Medical experts suggest that exercise is beneficial for seniors with dementia and Alzheimer’s disease. According to them, elderly patients with these conditions would benefit from some level of physical activity in their regular routines, since their physical health can be a key to managing their mental health. That said, before starting on any exercise routines, be sure to consult with a doctor or healthcare professional for guidance. Here are some of the ways that exercise can help seniors with dementia and Alzheimer’s disease:
Since exercise is known to improve memory, seniors with weakening memory due to the set-in of dementia and Alzheimer’s disease will benefit from exercise. Physical activity, especially an enjoyable one, triggers previous memories and emotions. They can start associating objects and eventually, put two and two together. At a time when they are confused, they tend to forget names, places, faces, and other information easily, it helps them remember. Dancing if they can do it, coupled with fine music, will be great for them.
Improved Cardiovascular Health
With regular exercise, seniors with dementia and Alzheimer’s disease can expect improvement in their cardiovascular health. As the heart is a muscle, it needs exercise to grow stronger, continue its maximum function, and not disrupt blood flow from the heart to the brain. The elderly won’t have to sign up for rigorous sessions at the gym; basic ones will do. Seated exercises, for instance, are good. Your parents can bend arms and legs, clap under legs, form circles with hands, march in place, or raise heels and toes.
A Good Night’s Rest
Did you know that spending an hour or so daily in the garden can be a way for your parents to get a good night’s rest? Since it involves moving from one point to another, pulling out weeds, raking leaves, and watering plants, gardening counts as exercise. As dementia and Alzheimer’s can interfere with the brain’s muscular function, physical activity outdoors can help them fight against their disease. The elderly can work those muscles while basking in the sun. Consequently, will get the relaxation they need. Come bedtime, they’ll find themselves sleeping better.

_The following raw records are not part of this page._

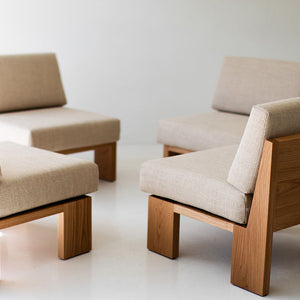 may include - modern luxury oak lounge chair with minimalist design, featuring clean lines and simple sleek shape. Chair sits in a clean white room with white floors. The overall aesthetic is modern. 09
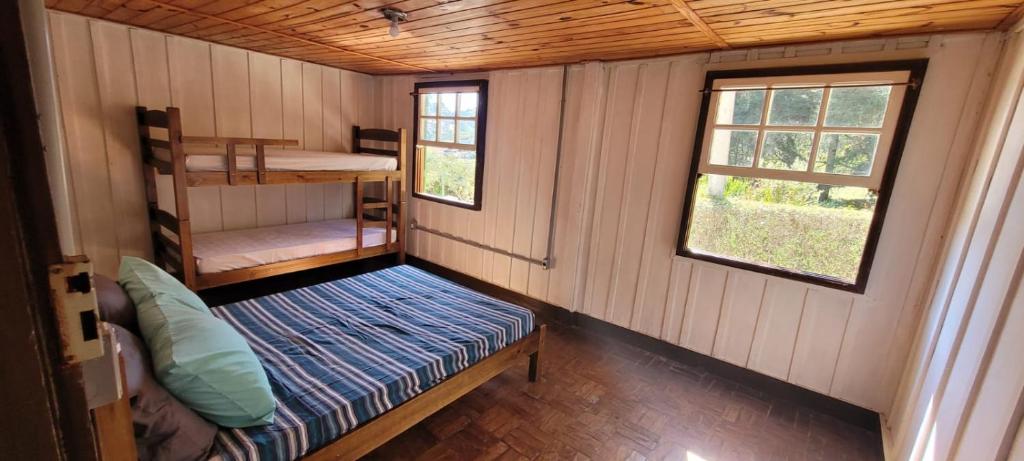 Habitación pequeña con 1 cama y 1 litera en Casa Violeta, en Campos do Jordão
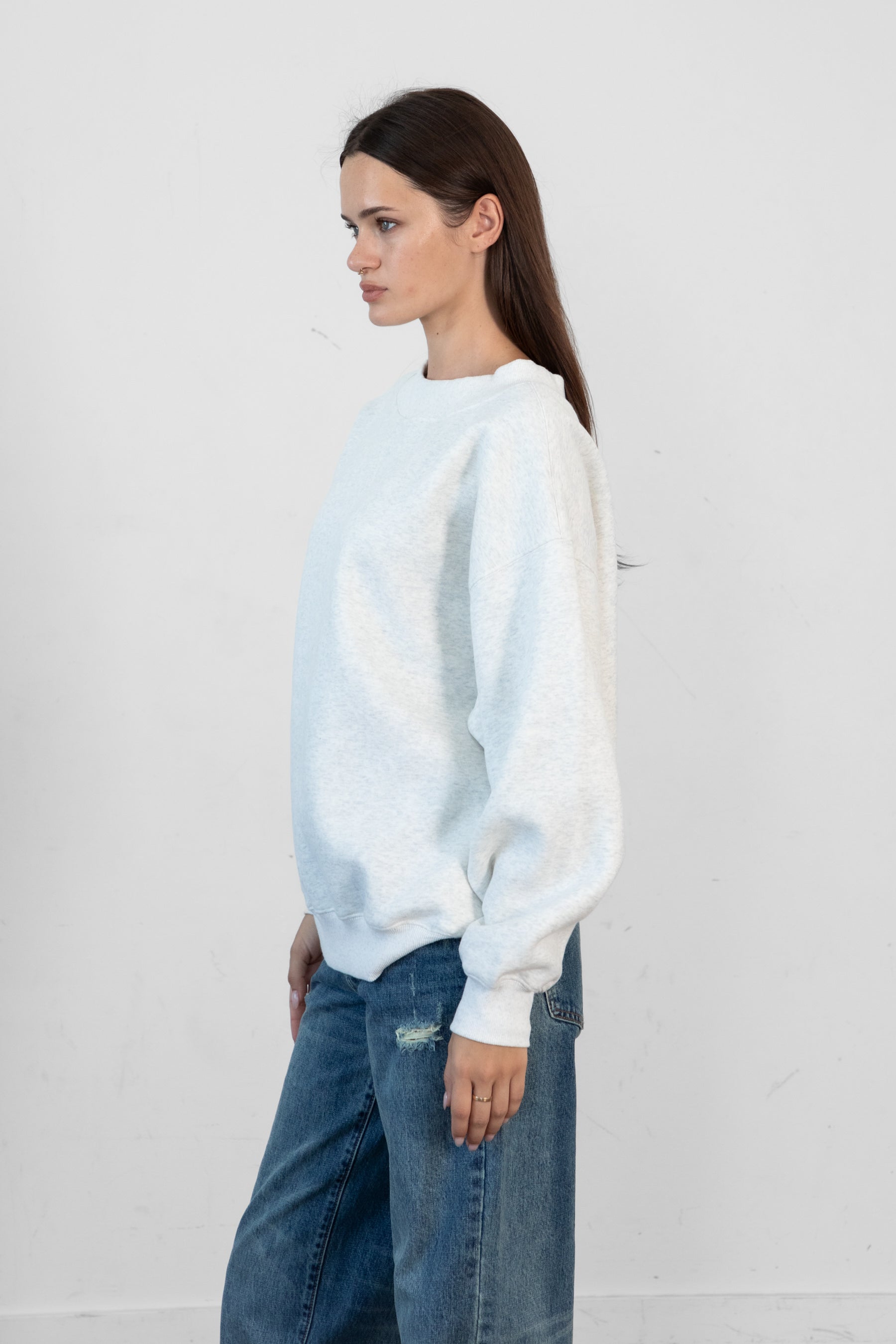 Woman wearing LANI mock neck cloud fleece sweatshirt featuring soft cotton blend cloud fleece fabric, ribbed mock neckline, relaxed oversized fit, dropped shoulder design, long sleeves with ribbed cuffs, triangle stitch detail at center front, and ribbed hem for a cozy comfortable finish.
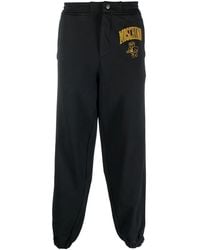 Moschino - Logo-Print Cotton Sweatpants - Lyst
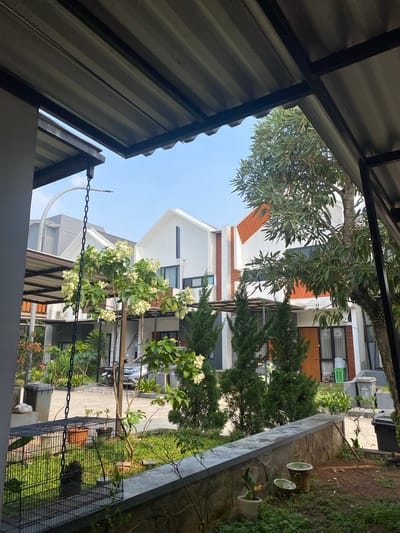The image shows a residential area in Cibinong, Indonesia. In the foreground, a metal cage is partially visible, with lush green grass and potted plants around it. A concrete ledge runs along the bottom of the frame. Behind this, a row of modern houses with white and orange facades are visible. Trees and lush greenery are scattered throughout the scene, including a flowering bush with white blossoms and a large tree with dense foliage. A silver car is parked on the paved driveway. The sky is clear and blue. The structures are typical of suburban housing in Indonesia, characterized by their modern architecture and well-maintained landscaping.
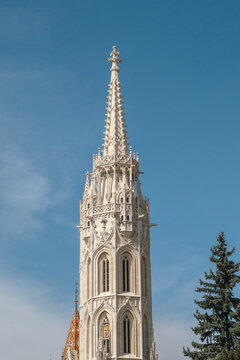 Intricate Gothic church spire reaching into clear blue sky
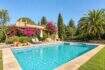 Natursteinfinca mit türkisem Pool, Bougainvillea-Bewuchs, Palmen und mediterranem Garten bei blauem Himmel.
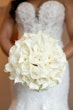 Bride Wearing Sexy Lace Wedding Dress Called Lennon By Maggie Sottero With A White Rose Bouquet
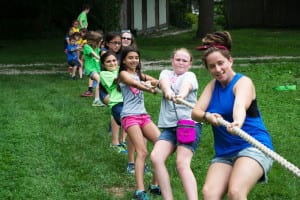 Camp counselors and young campers yank on a rope in a tug-of-war exhibition at Benner’s Farm. Photo by Michaela Pawluk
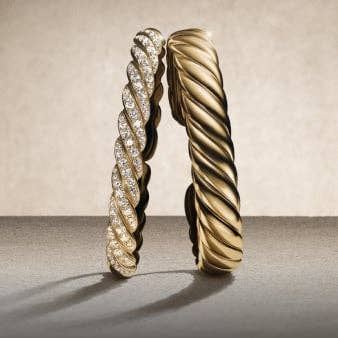 Three David Yurman Sculpted Cable bracelets.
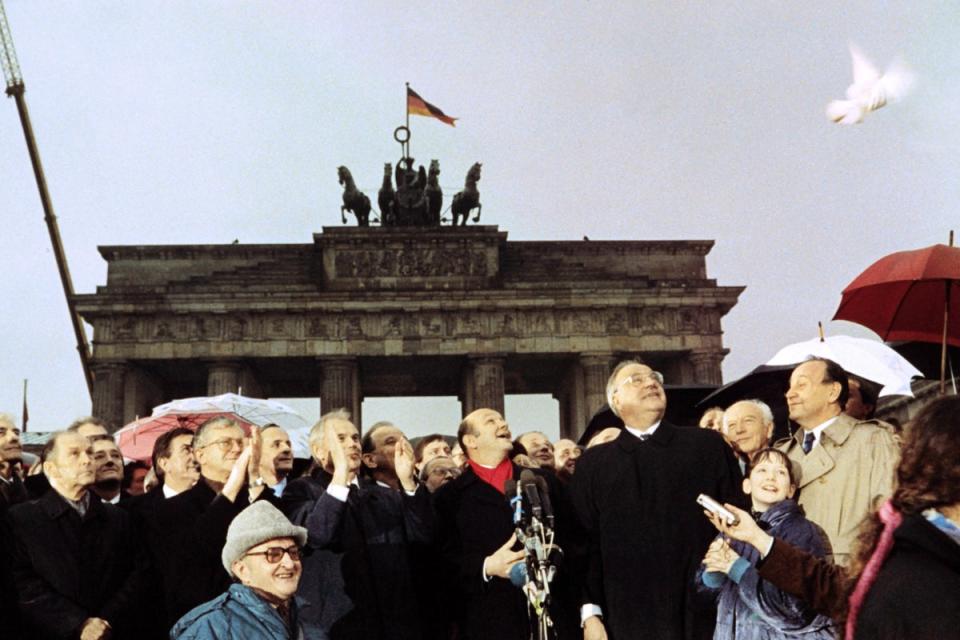 West German chancellor Helmut Kohl, East German prime minister Hans Modrow and West Berlin mayor Walter Momper wave to the crowd, 1989 (DPA/AFP/Getty)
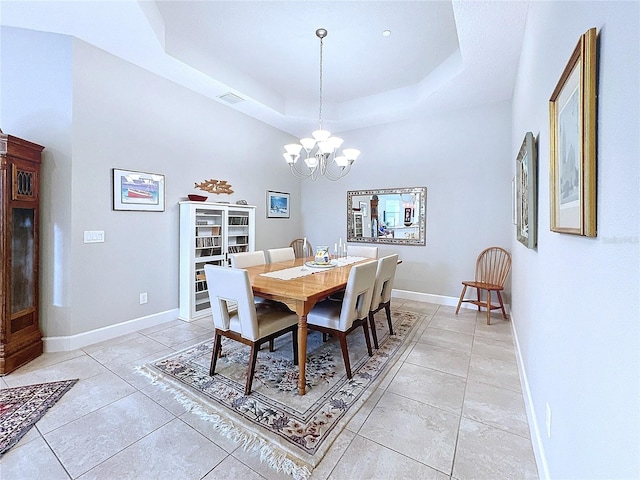 dining room featuring light tile patterned floors, baseboards, visible vents, a raised ceiling, and a chandelier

By exercising 3-5 times a week, the elderly with dementia and Alzheimer’s disease can have stronger bones. Especially at their age and with these brain diseases, they might not remember the simplest details, which can be the cause of falls, trips, and slips while navigating around the house. With you keeping an eye on them, the risk of sustaining severe injuries can be lessened. Any exercise is okay. For example, an indoor carpet bowl, and similar indoor exercises, can do wonders.
Movement, Balance & Coordination
For seniors to have dementia or Alzheimer’s disease, it can be frightening. At their feeble state, they’re deteriorating mentally. Particularly, their cerebellum is affected and thus, they’re struggling with movement, balance, and coordination. With physically active lifestyles, however, partnered with regular medical consultations and monitoring, the degenerative diseases can be managed. For one, walking for 10-15 minutes daily can keep them conditioned. Additionally, so your parents may find the exercise worthwhile, you can walk with them.
With improved balance and coordination, there is less risk of falling down and hurting themselves. Having a medical alarm at home is helpful for managing such emergencies, but prevention is better than cure.